Foo You

I attended—or at least turned up for awhile—the first of what I hope will be a regular an event called Foo Camp, a sort of Bible camp for uber-geeks and Web wonks. The weekend was organised by Nathan Torkington, an employee of Silicon Valley based O’Reilly Inc. and occasional Idealog contributor, and by Russell Brown, a regular Idealogger and founder of Public Address. Nat, a Kiwi, now lives here in Enzed.

It was cool, just the sort of event you’d expect if the open source software philosophy was applied to a conference. About 100 people rocked up to Mahurangi College in Warkworth (some from Sydney, many from Wellington, now the centre of Web 2.0 in NZ it seems) on a Friday afternoon and by late Friday night the weekend’s agenda was set—determined by the participants, including the presentations, the locations and times.
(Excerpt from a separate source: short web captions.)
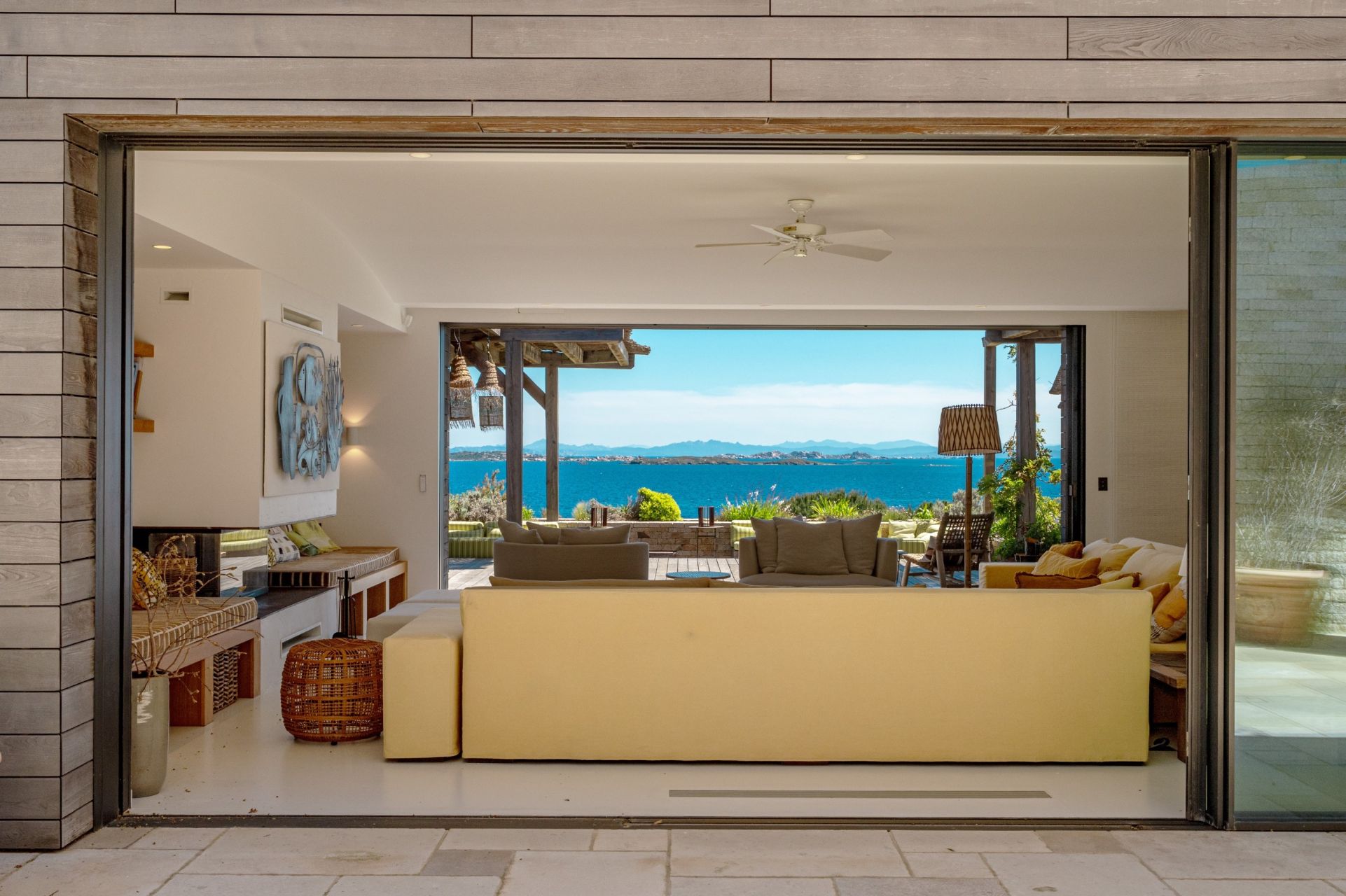 villa de luxe 12 Pièces en location saisonnière sur BONIFACIO (20169)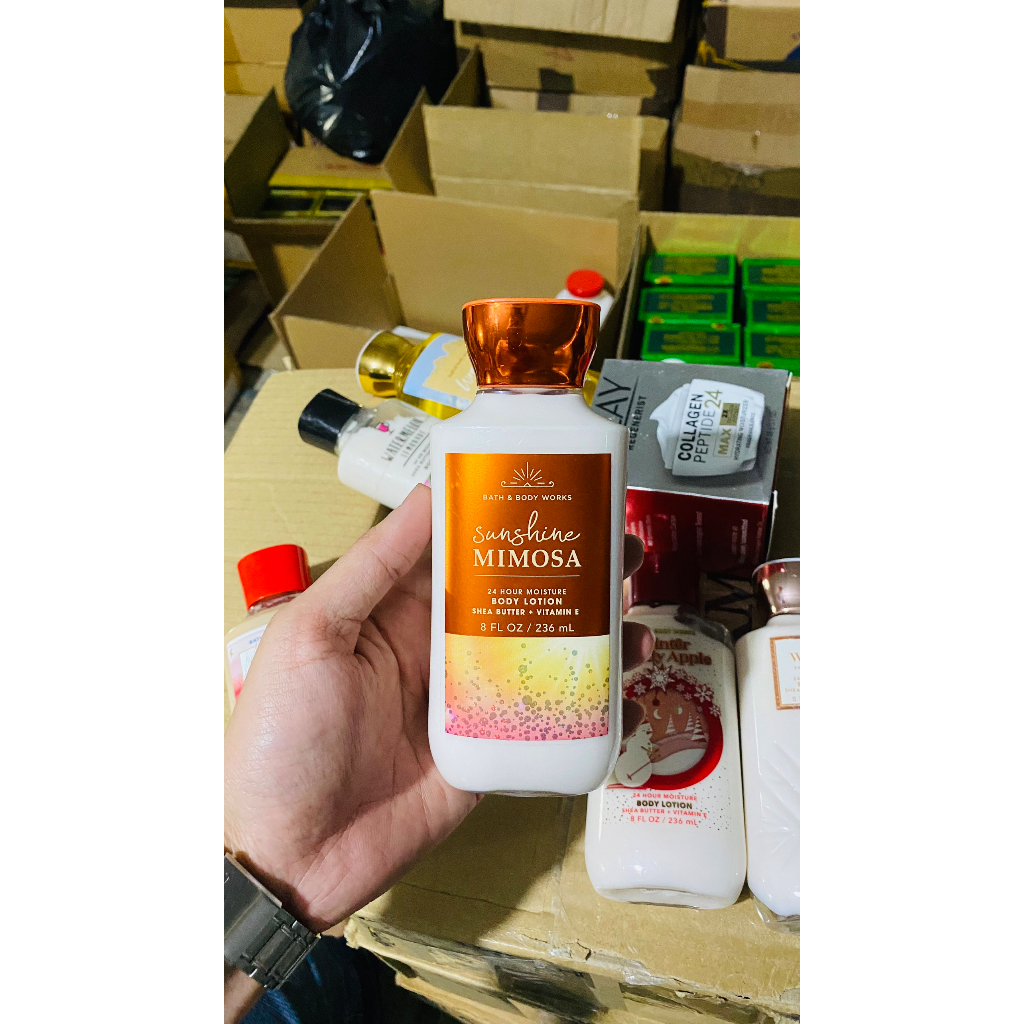 Sữa Dưỡng Thể Bath & Body Works 236ml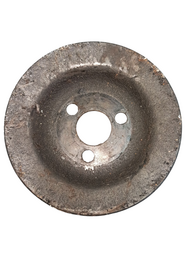 POLIA BOMBA DIREÇÃO HIDRÁULICA FIAT UNO ELETRONIC 1994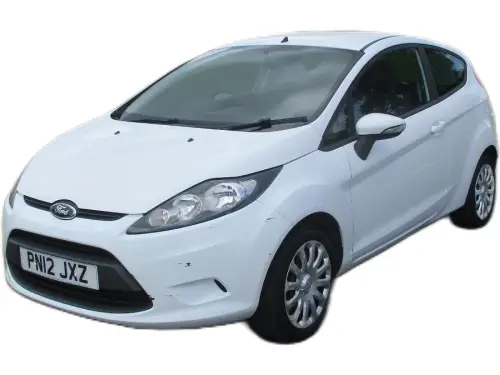 Ford Fiesta PN12 JXZ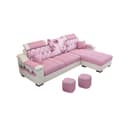 Upholstery Color Pink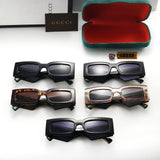 Pre Order Chunky Logo Sunglasses (5 Colours)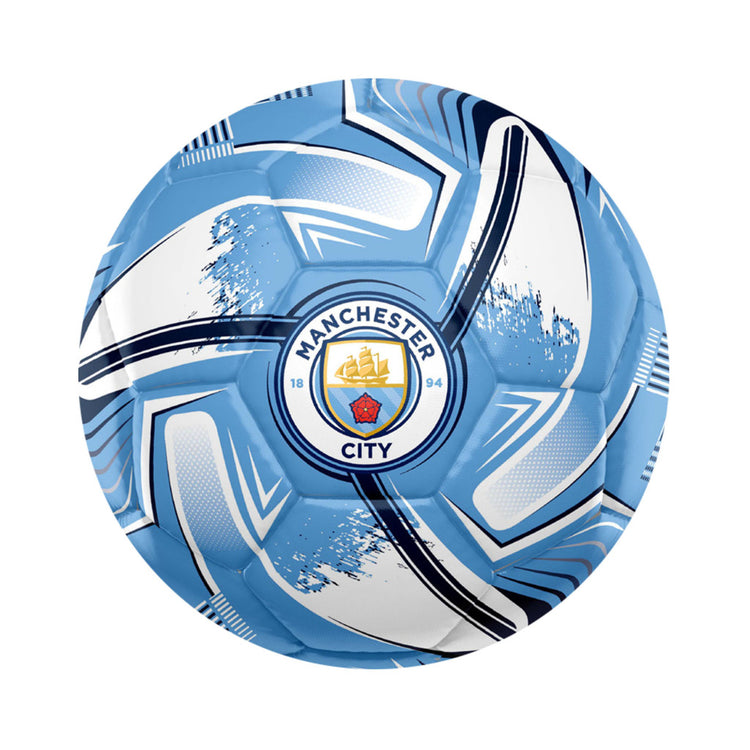 Autres marques Football Manchester City Taille 5 Blanc Blanc noir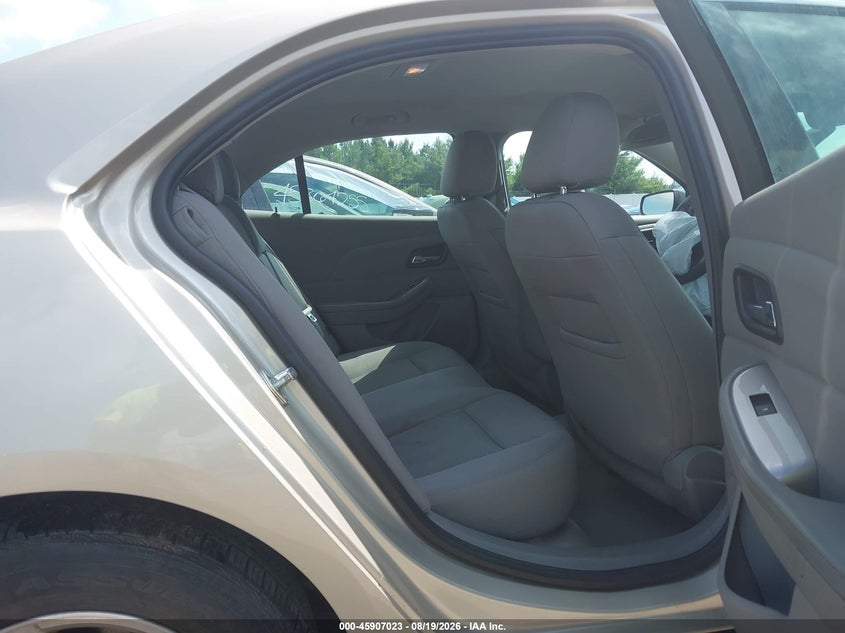 2014 CHEVROLET MALIBU auction photo 8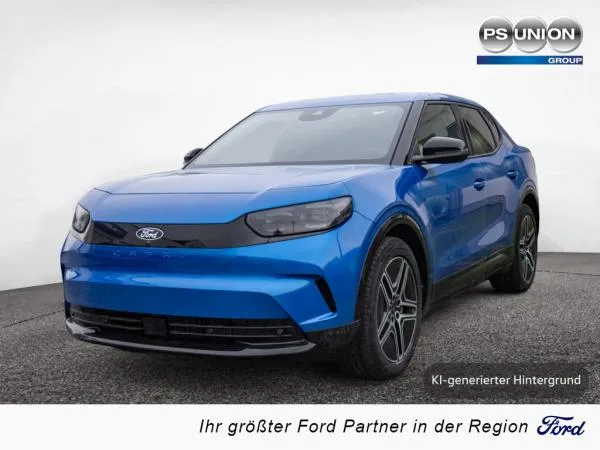 Ford Capri Premium RWD 77kWh Fahrerassistenzpaket Sofort Verfügbar !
By far the most interesting was the talk by Rod Drury about his new company Xero . Rod made a small shed-load last year by selling AfterMail, an email archival system last year to US company Quest. Check out our interview with Rod here .

Xero is an exciting idea: make accounting and money management for small business, simple, online, real time and cheap. Given that there are many millions of SMEs worldwide struggling with the same boring problems, a simple system like this could go ballistic. The next Idealog (out Feb 19) has a feature story about Xero. I cannot say more!

Another really interesting person at the event was Bruce Ferguson, formerly of Kog Transmissions. Bruce and his business partner Mike Hodgson are video artists doing the most amazing stage shows, installations and outdoor stunts. We’ve written about the pair before but for some reason failed to give you all a link to his web site , which has the coolest work on display. The Dark Room, as his company is called, is just another reminder that New Zealand is replete with world class creative talent. Curiously, Bruce is the most un-commercial operator--just a kindly, well spoken and gracious man. The mystery of the creative economy is how any of the boffins, geeks and artists actually make a buck (Rod’s Maserati was parked outside as a reminder that at least one of us does).

I was at Foo camp only briefly but was charmed by the warmth and excitement that’s shared by open source practitioners. It’s a great philosophy based on generosity and creativity. If only the rest of the economy was so well behaved.